** Exercise objective **
Your answer must be an exact repeat of the lines from the one containing "Plantuien Stuttgarter Riesen 500gr" through the last line of the records, both included, with no pictures.

Collected data entries
[Start of Attachment]
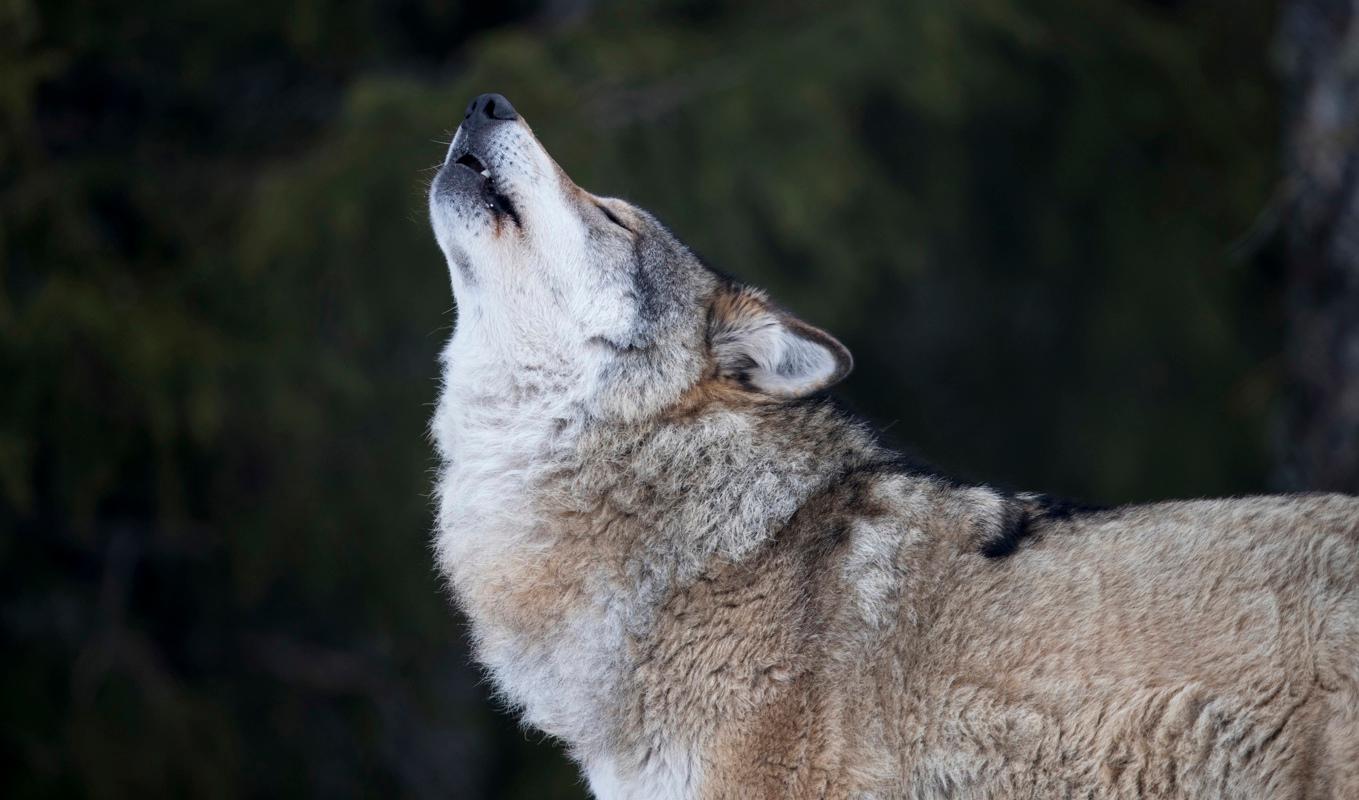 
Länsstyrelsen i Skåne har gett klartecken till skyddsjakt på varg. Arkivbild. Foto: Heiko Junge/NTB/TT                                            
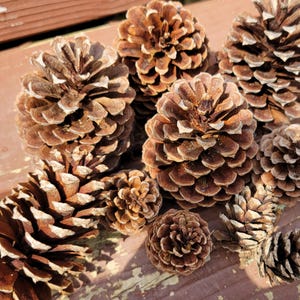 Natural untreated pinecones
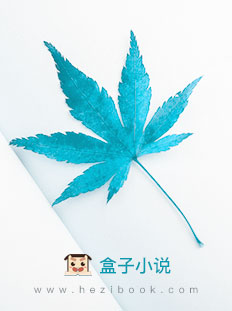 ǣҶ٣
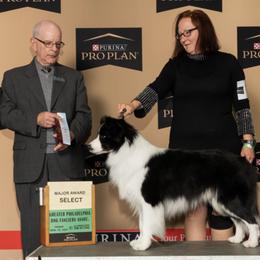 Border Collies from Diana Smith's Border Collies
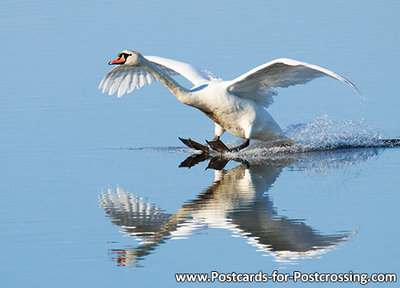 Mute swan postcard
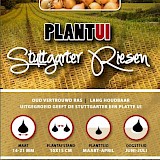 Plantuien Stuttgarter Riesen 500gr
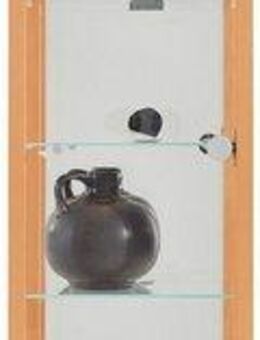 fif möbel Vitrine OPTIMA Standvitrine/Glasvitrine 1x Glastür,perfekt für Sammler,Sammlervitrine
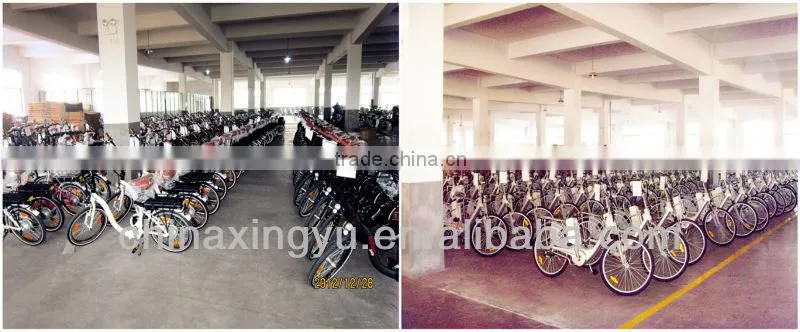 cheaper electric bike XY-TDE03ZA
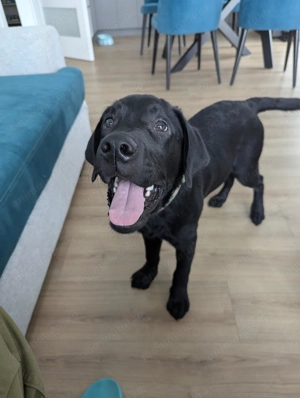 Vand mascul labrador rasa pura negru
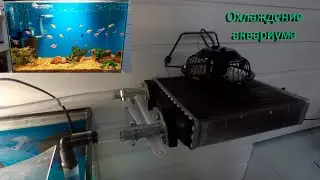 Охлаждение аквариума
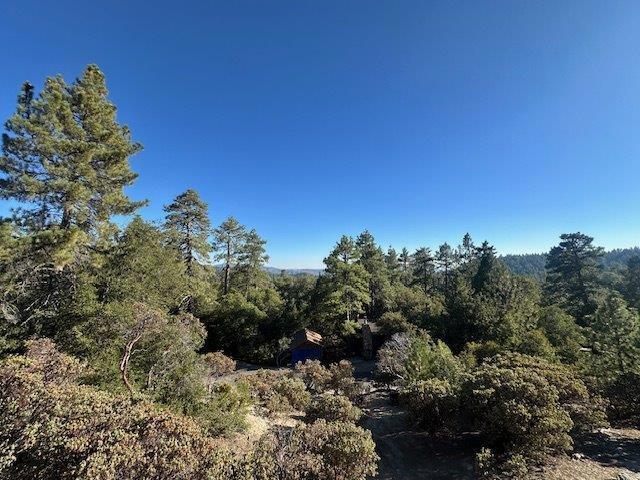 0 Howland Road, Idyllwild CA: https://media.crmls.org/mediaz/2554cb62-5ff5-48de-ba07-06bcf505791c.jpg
[End of Attachment]
** Response **
 Plantuien Stuttgarter Riesen 500gr
 fif möbel Vitrine OPTIMA Standvitrine/Glasvitrine 1x Glastür,perfekt für Sammler,Sammlervitrine
 cheaper electric bike XY-TDE03ZA
 Vand mascul labrador rasa pura negru
 Охлаждение аквариума
 0 Howland Road, Idyllwild CA: https://media.crmls.org/mediaz/2554cb62-5ff5-48de-ba07-06bcf505791c.jpg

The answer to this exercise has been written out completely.